Reproducibility Index

Notice: The reproducibility variables underlying each score are classified using an automated LLM-based pipeline, validated against a manually labeled dataset. LLM-based classification introduces uncertainty and potential bias; scores should be interpreted as estimates. Full accuracy metrics and methodology are described in Coakley et alK. L. Coakley, T. Snelleman, H. Hoos, and O. E. Gundersen, "The embrace of open science: An analysis of a decade of AI research and 56 800 conference papers," Under Review, 2026..
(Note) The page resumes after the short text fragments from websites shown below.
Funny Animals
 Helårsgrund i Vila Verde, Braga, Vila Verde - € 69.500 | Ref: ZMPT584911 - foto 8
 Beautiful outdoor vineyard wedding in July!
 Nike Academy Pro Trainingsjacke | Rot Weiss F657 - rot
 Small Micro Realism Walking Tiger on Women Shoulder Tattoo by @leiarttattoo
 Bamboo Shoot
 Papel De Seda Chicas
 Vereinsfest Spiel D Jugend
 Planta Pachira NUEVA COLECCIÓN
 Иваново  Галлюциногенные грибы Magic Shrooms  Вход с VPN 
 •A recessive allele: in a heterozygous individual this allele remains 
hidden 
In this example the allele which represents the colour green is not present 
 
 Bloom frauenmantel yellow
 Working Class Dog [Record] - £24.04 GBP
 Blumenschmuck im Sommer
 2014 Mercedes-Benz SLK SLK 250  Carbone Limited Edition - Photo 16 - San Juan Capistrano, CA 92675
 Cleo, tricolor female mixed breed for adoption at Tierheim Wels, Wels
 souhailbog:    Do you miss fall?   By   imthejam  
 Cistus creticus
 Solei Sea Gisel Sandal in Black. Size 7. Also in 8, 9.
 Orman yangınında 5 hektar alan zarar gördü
Scaling Laws with Vocabulary: Larger Models Deserve Larger Vocabularies

Authors: Chaofan Tao, Qian Liu, Longxu Dou, Niklas Muennighoff, Zhongwei Wan, Ping Luo, Min Lin, Ngai Wong

NeurIPS 2024 | Venue PDF | LLM Run Details

Reproducibility Variable	Result	LLM Response
Research Type	Experimental	We investigate how vocabulary size impacts LLM scaling laws by training models ranging from 33M to 3B parameters on up to 500B characters with various vocabulary configurations. We validate our predictions empirically by training models with 3B parameters across different FLOPs budgets. Adopting our predicted optimal vocabulary size consistently improves downstream performance over commonly used vocabulary sizes.
Researcher Affiliation	Collaboration	1The University of Hong Kong 2Sea AI Lab 3Contextual AI 4Stanford University 5The Ohio State University
Pseudocode	No	The paper does not contain any pseudocode blocks or algorithms explicitly labeled as such. It provides mathematical derivations in the appendix.
Open Source Code	Yes	The code and demo are available at https://github.com/sail-sg/scaling-with-vocab and https://hf.co/spaces/sail/scaling-with-vocab-demo.
Open Datasets	Yes	For all experiments, we uniformly sample the training data from different domains in the Slim Pajama dataset [61].
Dataset Splits	Yes	We evaluate the normalized loss Lu on a held-out validation dataset.
Hardware Specification	Yes	For our experiments with Nnv = 2870M, it takes about 120 hours to train on over 500B training characters with 64 total GPUs. We use a global batch size of 512 for all runs and run all experiments on 40GB Nvidia-A100 GPUs.
Software Dependencies	No	The paper mentions using "Adam W [37]" as the optimizer, "bfloat16 mixed precision training," and the "Megatron-LM framework [60]." However, specific version numbers for these software components or any other libraries (e.g., Python, PyTorch) are not provided.
Experiment Setup	Yes	The maximum learning rate is set to 4e-4 and decays to 10% i.e. 4e-5 similar to prior scaling work [26, 44]. We use a global batch size of 512 for all runs... We adopt the Llama architecture [69], except for the vocabulary size. For the vocabulary size, we use numbers divisible by 128 for compatibility with NVIDIA s tensor core to accelerate matrix multiplication.